WHAT YOU NEED TO DO: Look through the records below for the line holding "de regalías Las". Write it out exactly, with each following line through the line holding "Male doctor holding".

GIVEN RECORDS START

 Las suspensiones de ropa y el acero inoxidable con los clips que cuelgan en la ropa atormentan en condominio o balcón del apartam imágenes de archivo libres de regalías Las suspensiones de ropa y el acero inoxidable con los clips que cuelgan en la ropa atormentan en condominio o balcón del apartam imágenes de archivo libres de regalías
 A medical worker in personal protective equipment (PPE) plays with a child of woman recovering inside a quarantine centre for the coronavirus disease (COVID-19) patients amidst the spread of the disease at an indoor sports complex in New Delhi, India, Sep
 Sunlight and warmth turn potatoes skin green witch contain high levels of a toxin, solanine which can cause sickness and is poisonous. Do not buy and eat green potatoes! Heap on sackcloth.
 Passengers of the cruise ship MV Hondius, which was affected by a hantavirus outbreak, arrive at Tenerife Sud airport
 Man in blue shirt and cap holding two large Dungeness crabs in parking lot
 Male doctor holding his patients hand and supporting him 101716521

GIVEN RECORDS END
GIVEN RECORDS START

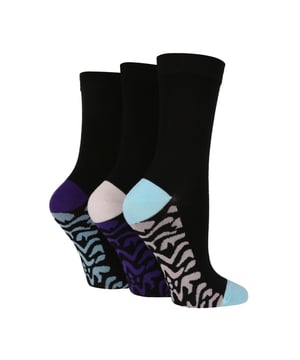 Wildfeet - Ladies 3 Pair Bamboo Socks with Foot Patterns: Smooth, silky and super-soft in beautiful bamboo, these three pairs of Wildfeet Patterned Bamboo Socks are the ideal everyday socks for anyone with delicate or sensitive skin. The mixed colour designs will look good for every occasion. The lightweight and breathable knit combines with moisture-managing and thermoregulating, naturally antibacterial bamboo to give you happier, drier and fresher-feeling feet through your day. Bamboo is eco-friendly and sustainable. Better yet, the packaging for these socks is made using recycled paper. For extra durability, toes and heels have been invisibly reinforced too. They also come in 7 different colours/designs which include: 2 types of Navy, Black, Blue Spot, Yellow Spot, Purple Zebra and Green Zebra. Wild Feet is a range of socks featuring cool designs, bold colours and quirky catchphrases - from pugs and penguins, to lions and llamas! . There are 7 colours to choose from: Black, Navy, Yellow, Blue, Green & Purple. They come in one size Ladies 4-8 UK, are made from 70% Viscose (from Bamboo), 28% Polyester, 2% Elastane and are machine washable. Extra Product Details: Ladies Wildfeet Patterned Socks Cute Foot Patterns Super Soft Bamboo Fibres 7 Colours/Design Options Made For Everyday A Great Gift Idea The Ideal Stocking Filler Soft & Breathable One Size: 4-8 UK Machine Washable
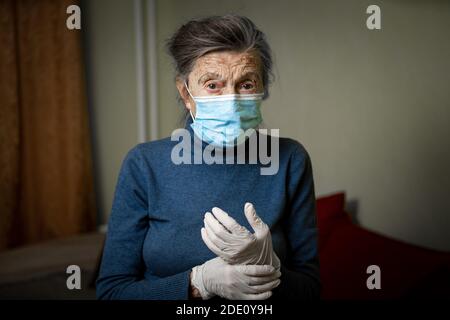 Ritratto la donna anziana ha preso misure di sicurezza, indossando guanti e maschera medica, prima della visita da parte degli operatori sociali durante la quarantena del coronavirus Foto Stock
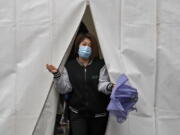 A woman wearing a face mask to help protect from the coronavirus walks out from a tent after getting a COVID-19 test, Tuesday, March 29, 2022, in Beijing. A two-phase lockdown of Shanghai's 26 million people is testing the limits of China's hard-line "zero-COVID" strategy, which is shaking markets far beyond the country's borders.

GIVEN RECORDS END
GIVEN RECORDS START

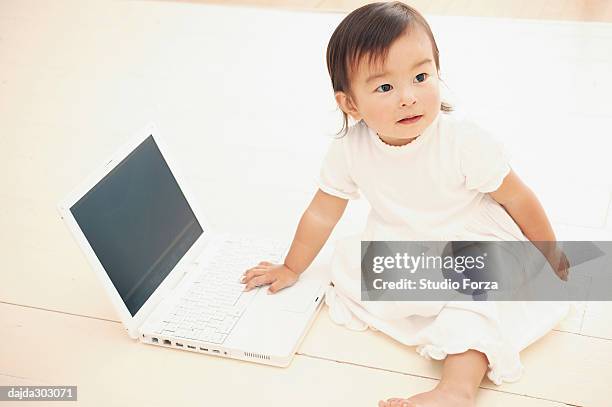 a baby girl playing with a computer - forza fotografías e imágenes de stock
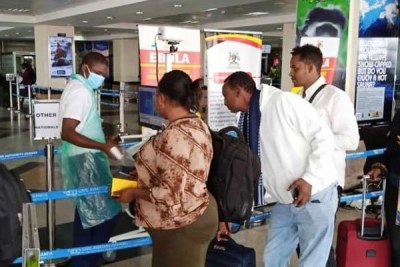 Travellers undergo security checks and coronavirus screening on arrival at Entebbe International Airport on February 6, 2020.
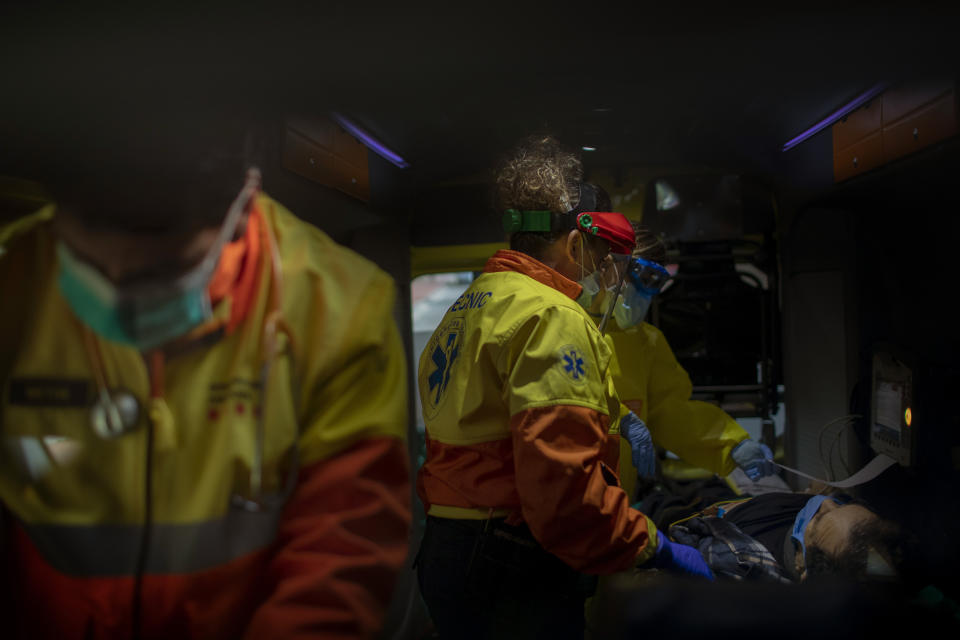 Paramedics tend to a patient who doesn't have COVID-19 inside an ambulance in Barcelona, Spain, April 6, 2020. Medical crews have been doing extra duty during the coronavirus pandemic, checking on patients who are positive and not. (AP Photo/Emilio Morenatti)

GIVEN RECORDS END

ANSWER SPACE:
 Las suspensiones de ropa y el acero inoxidable con los clips que cuelgan en la ropa atormentan en condominio o balcón del apartam imágenes de archivo libres de regalías Las suspensiones de ropa y el acero inoxidable con los clips que cuelgan en la ropa atormentan en condominio o balcón del apartam imágenes de archivo libres de regalías
 A medical worker in personal protective equipment (PPE) plays with a child of woman recovering inside a quarantine centre for the coronavirus disease (COVID-19) patients amidst the spread of the disease at an indoor sports complex in New Delhi, India, Sep
 Sunlight and warmth turn potatoes skin green witch contain high levels of a toxin, solanine which can cause sickness and is poisonous. Do not buy and eat green potatoes! Heap on sackcloth.
 Passengers of the cruise ship MV Hondius, which was affected by a hantavirus outbreak, arrive at Tenerife Sud airport
 Man in blue shirt and cap holding two large Dungeness crabs in parking lot
 Male doctor holding his patients hand and supporting him 101716521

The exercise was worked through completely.